InetSocketAddress is an interesting class, because it resolves DNS names to IP addresses on construction, and it is never refreshed. Hadoop re-creates an InetSocketAddress in some cases just in case the remote IP has changed for a particular DNS name: https://issues.apache.org/jira/browse/HADOOP-7472.
Anyway, on startup, you cna see the Datanode log: "Namenode...remains unresolved" – referring to the fact that DNS lookup failed.
The Datanode then proceeds to use this unresolved address, as it may work if the DN is configured to use a proxy. Since I'm not using a proxy, it forever prints out this message:
Unfortunately, the log doesn't contain the exception that triggered it, but the culprit is actually in IPC Client: https://github.com/apache/hadoop/blob/trunk/hadoop-common-project/hadoop-common/src/main/java/org/apache/hadoop/ipc/Client.java#L444.

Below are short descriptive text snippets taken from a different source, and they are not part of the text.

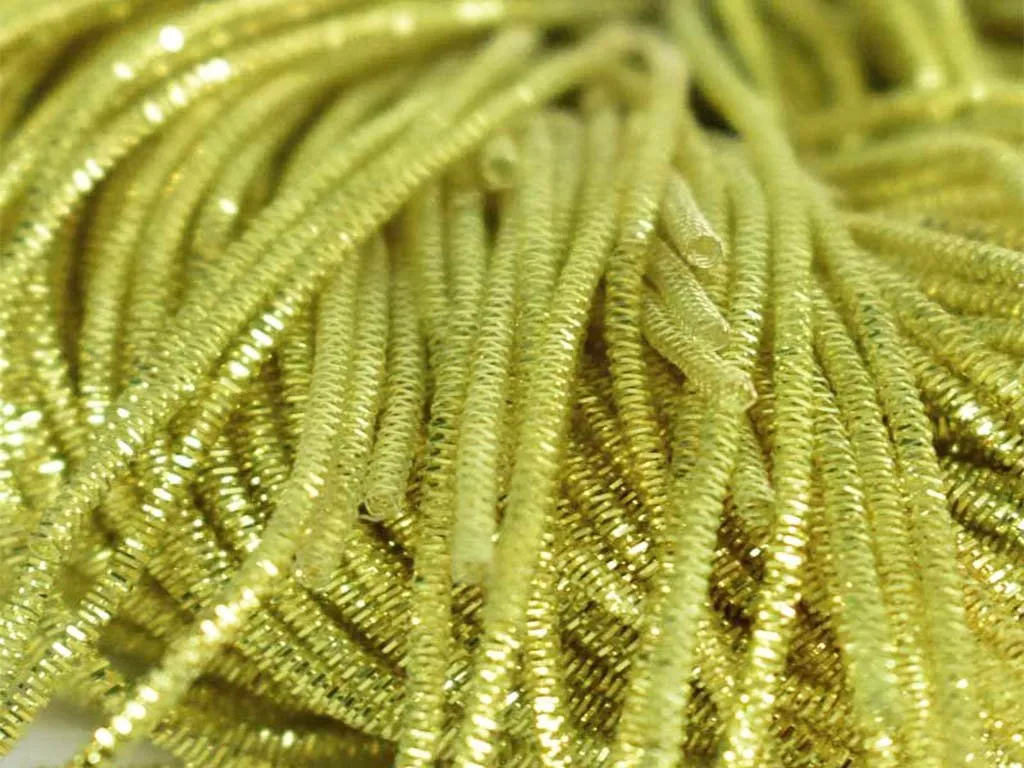 Lime Yellow Nakshi / Bullion Wire (Wholesale)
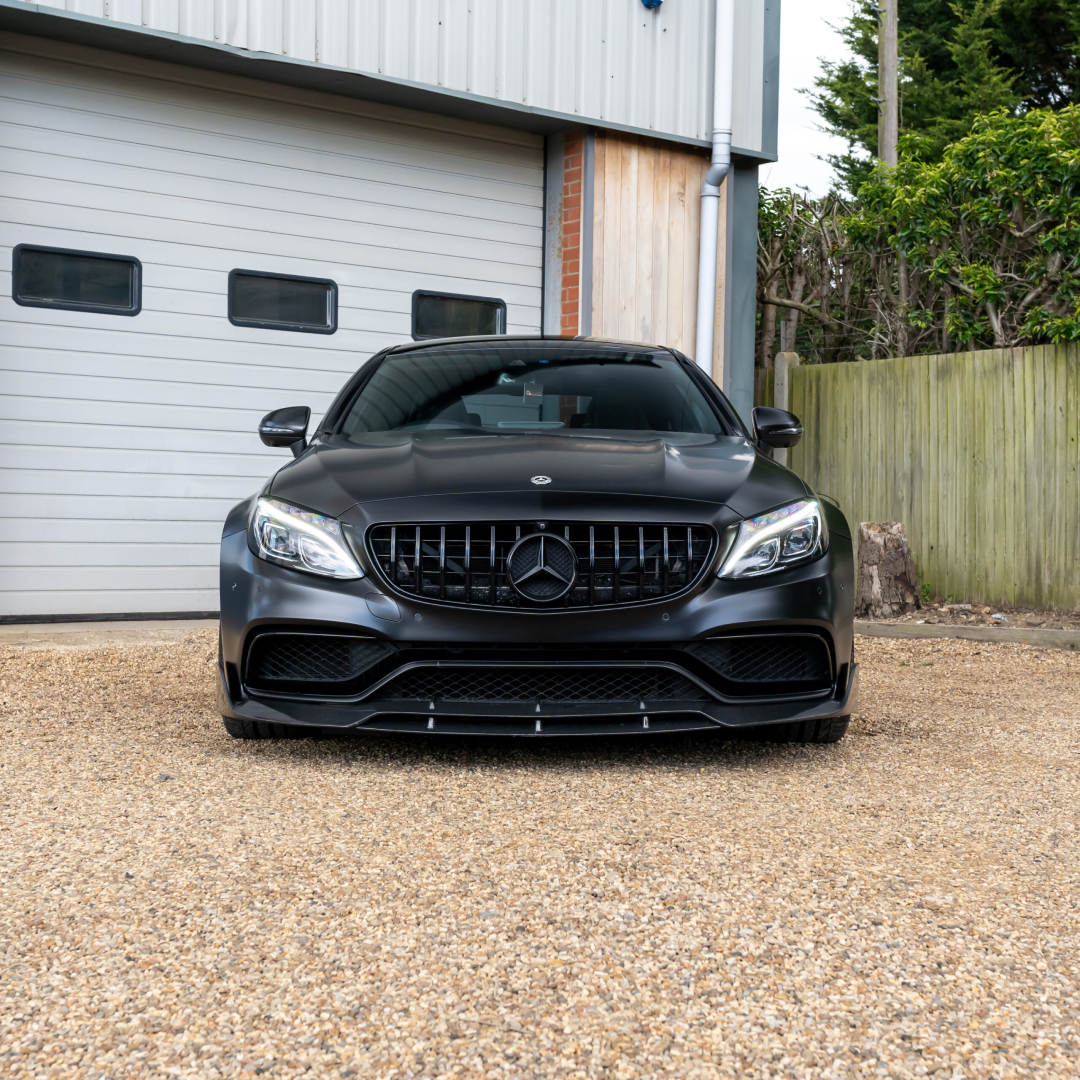 Mercedes C63 W205/S205/C205 Carbon Fiber Frontleppe - Sportsdeler
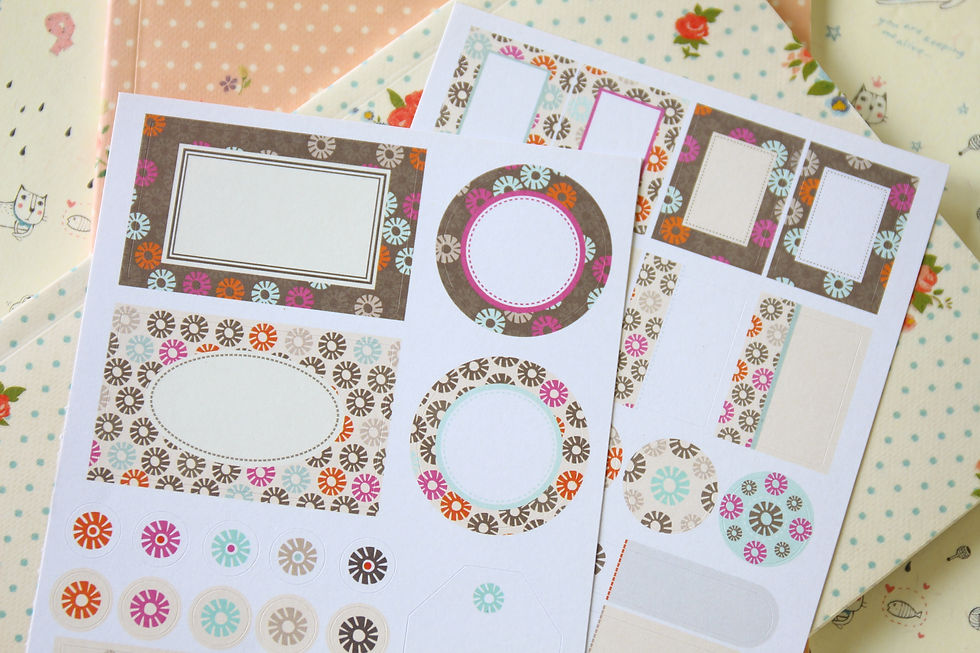 Thumbnail: flower deco label stickers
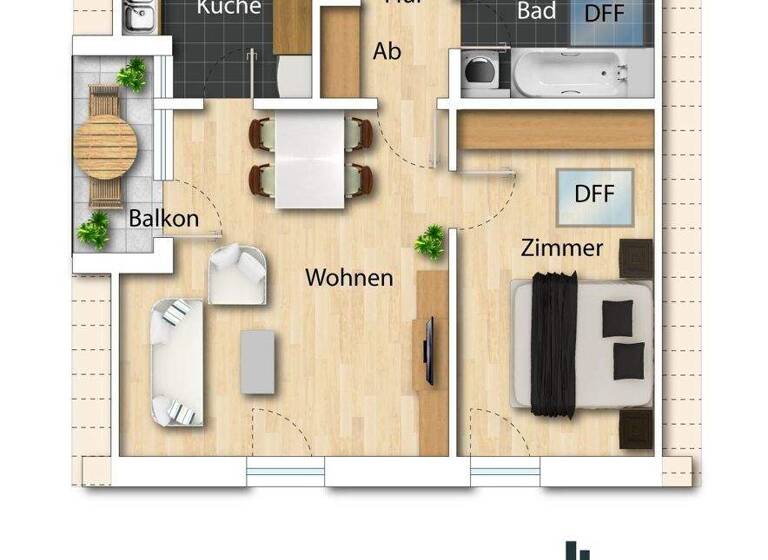 Wohnung zur Miete 590 € 2 Zimmer 53,8 m² frei ab sofort Sünching 93104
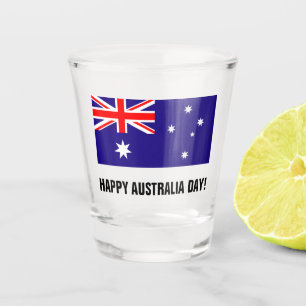 Australischer Flagge Australien-Tagestrinkendes Schnapsglas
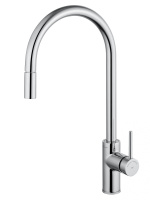 Смеситель для кухни с выдвижным изливом WONZON & WOGHAND хром WW-422902-CR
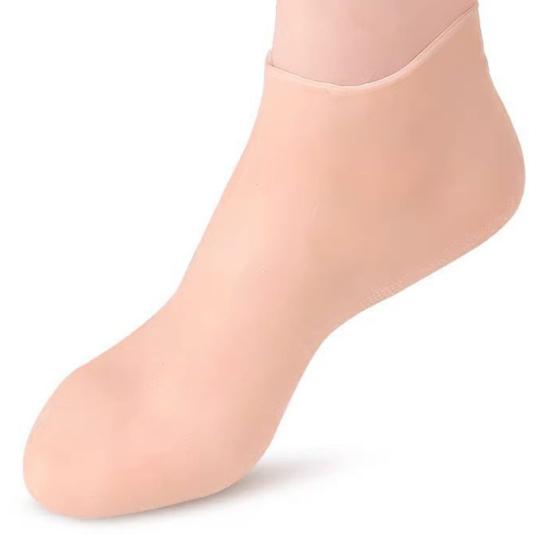 2 пары силиконовых носков для педикюра, увлажняют гладкие и сухие ноги, противоскользящие эластичные силиконовые носки для лучшего баланса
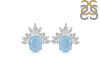 Aquamarine & White Topaz Stud Earring AQM-RE-71.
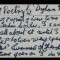 Dylan Thomas long-lost notebook label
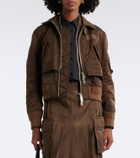 Sacai Layered technical bomber jacket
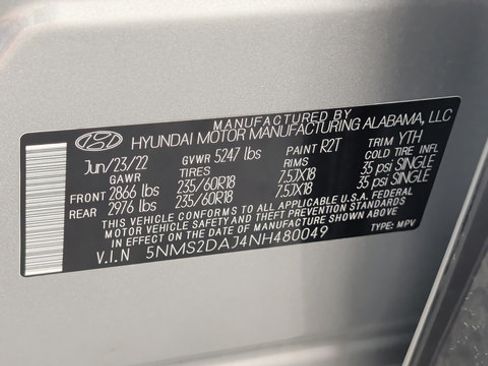 Used 2022 Hyundai Santa Fe SEL AWD/4WD image 27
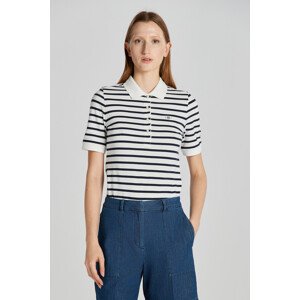 POLOKOŠEĽA GANT SLIM STRIPED SHIELD SS PIQUE POLO biela S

This line was introduced in https://issues.apache.org/jira/browse/HADOOP-487 to give a clear error message when somebody mispells an address.
However, the fix in
HADOOP-7472 doesn't apply here, because that code happens in Client#getConnection after the Connection is constructed.
My proposed fix (will attach a patch) is to move this exception out of the constructor and into a place that will trigger
HADOOP-7472's logic to re-resolve addresses. If the DNS failure was temporary, this will allow the connection to succeed. If not, the connection will fail after ipc client retries (default 10 seconds worth of retries).
I want to fix this in ipc client rather than just in Datanode startup, as this fixes temporary DNS issues for all of Hadoop.